We don't have robots that are nearly as good at understanding the physical world as a rat, says Yann LeCun – one of the world's leading AI researchers – and his new start-up aims to change that.
LeCun spent a decade at Facebook-owner Meta as chief AI scientist before leaving in 2025 to found Advanced Machine Intelligence Labs (AMI Labs) in Paris. His mission: to build a more flexible artificial intelligence that can handle the messiness of the real world, something he argues systems like ChatGPT, Claude and Gemini will never achieve.
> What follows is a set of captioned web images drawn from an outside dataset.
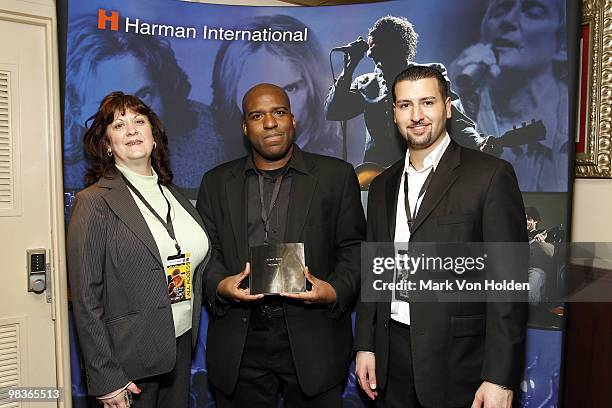 Mary Simneau, Photographer Earl Douglas Jr., and Zia Elia attend Earl Douglas Jr's Black Rock Volume 1 launch presented by Harman Kardon at Hard Rock...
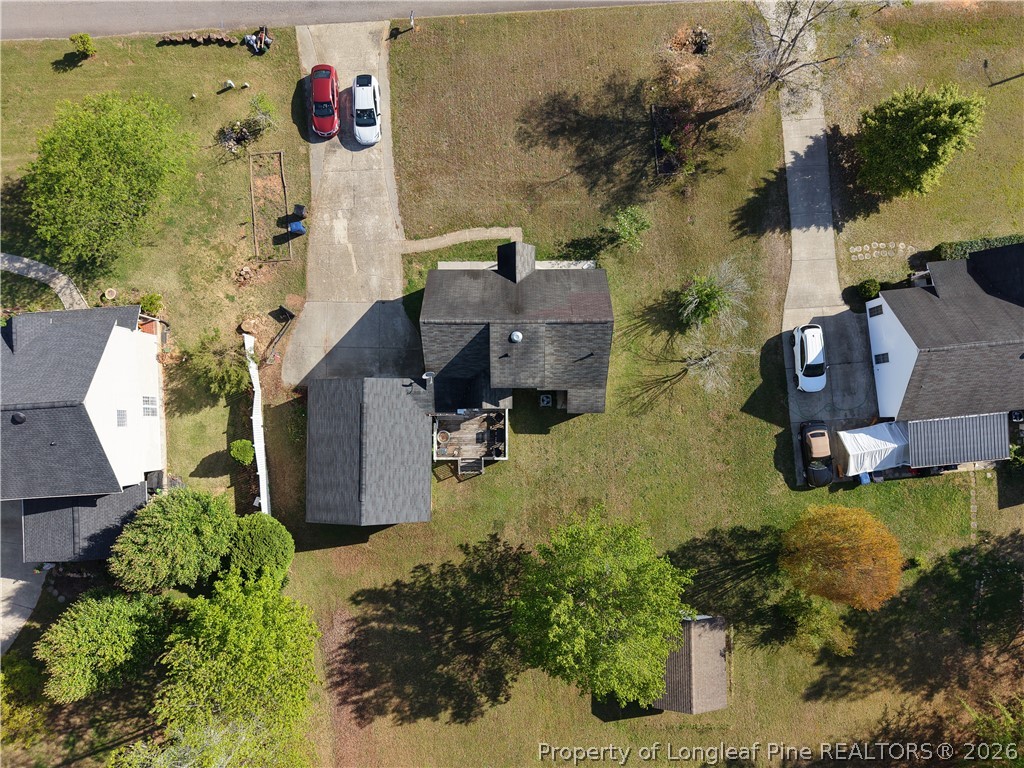 1629 Mattie Road Sanford, NC 27332 - Photo 21 of 29 an aerial view of residential house with yard and parking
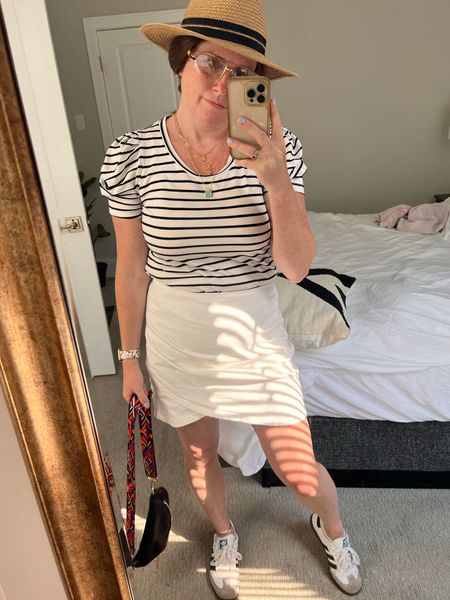 Summer travel outfit day two. Easy skirt and stripes top with puff sleeve details. Essential hat. Crossbody bag and sneakers to style it off. Work to party outfit idea  

#LTKOver40 #LTKTravel #LTKWorkwear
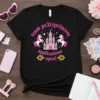 Black t-shirt with "team pr3typrincess applications open!" text, pink unicorns, and a glittery castle graphic
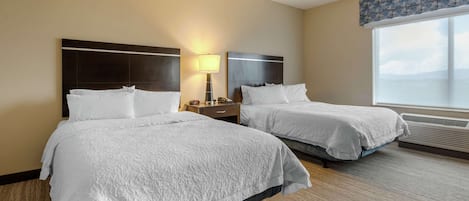 Two beds with white linens in a hotel room with a large window and a nightstand with a lamp.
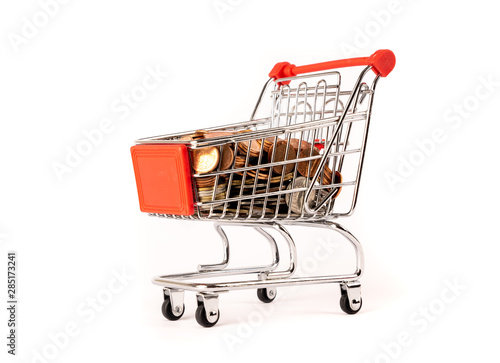 coins money and shopping cart or supermarket trolley business finance shopping concept on white background.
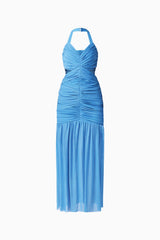 Brunette model wearing the Elena Halter Gown in Blue ghost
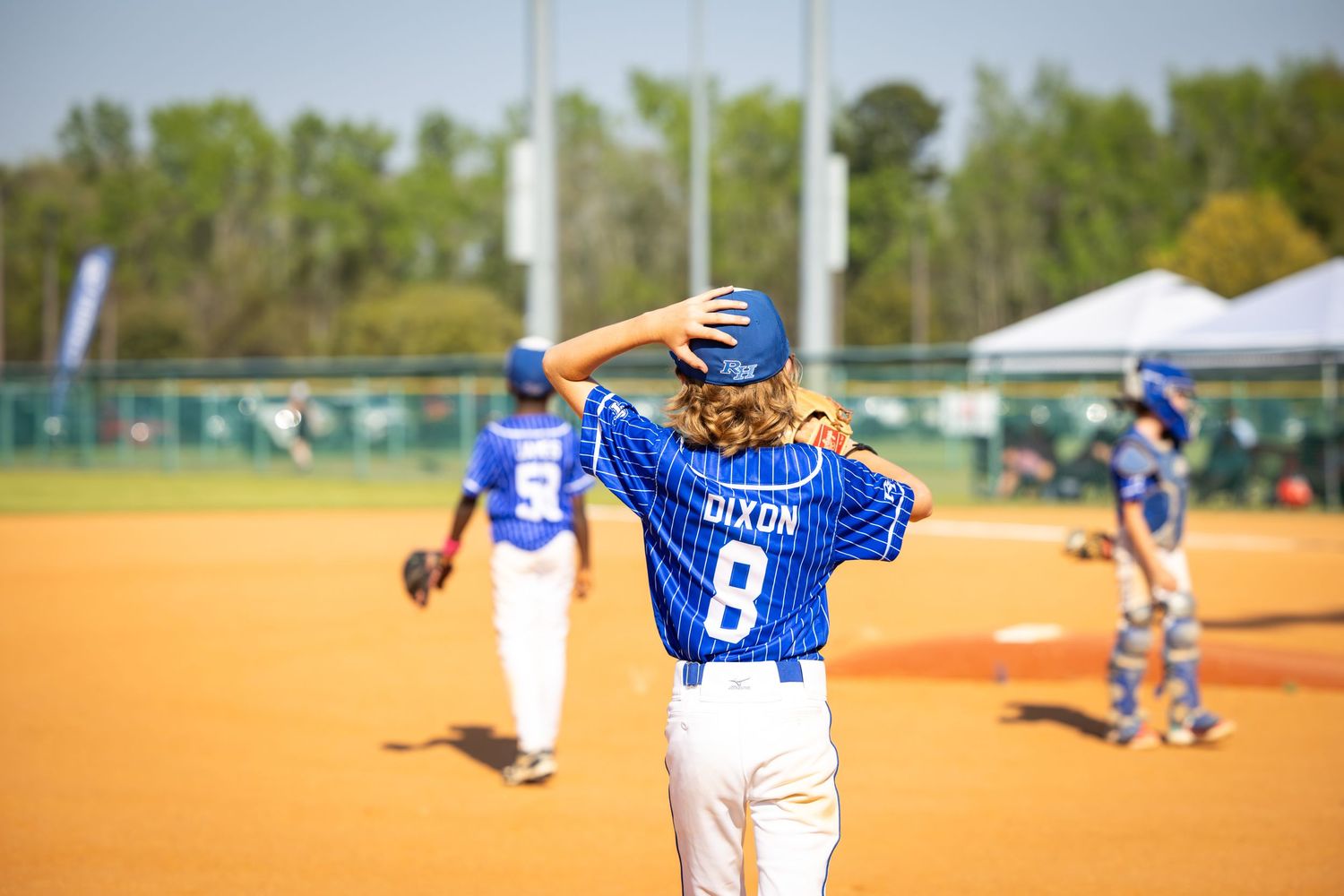 Youth baseball player #8 Dixon walks on a sunny dirt field in a blue uniform, hand on head, during a little league game.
“Yann LeCun raises $1bn for new AI system that he says will surpass current models like ChatGPT.”
"They're not a path towards human level or human-like intelligence, or even animal-like intelligence, because they cannot deal with real world data, they just are not built for that," he told the BBC on the sidelines of VivaTech, France's leading technology conference.
Investors are betting he is right. Earlier this year AMI Labs announced it had raised more than $1bn (£760m) in seed funding – one of the largest such rounds in Europe – with backers including US computer chip giant Nvidia and the fund that manages the private wealth of Amazon-founder Jeff Bezos.
LeCun's criticism of current AI is blunt. Large Language Models (LLMs) like ChatGPT are extremely good at coding, maths and generating text, he acknowledges. But he argues these are well-defined, predictable problems. "They [LLMs] basically just accumulate knowledge... They can regurgitate something, you train them to regurgitate, but they're not particularly smart. They don't have an underlying understanding," he says.
To illustrate the limitation, LeCun holds a pen upright on its tip. A toddler knows it will topple, but no human would guess which direction it falls – it's unpredictable. An LLM, however, might try to generate a single prediction based on statistical patterns. That prediction would almost certainly be wrong, because the system is not reasoning about physical reality.
AMI Labs is developing a system called Joint Embedding Predictive Architecture (JEPA) that creates abstractions of the real world – filtering out useless information – to assess the outcomes of actions. It is designed to handle the bewildering array of outcomes that real-world problems present, like getting a robot to do household chores. LeCun believes this is the path to intelligence that rivals not just humans, but even a rat.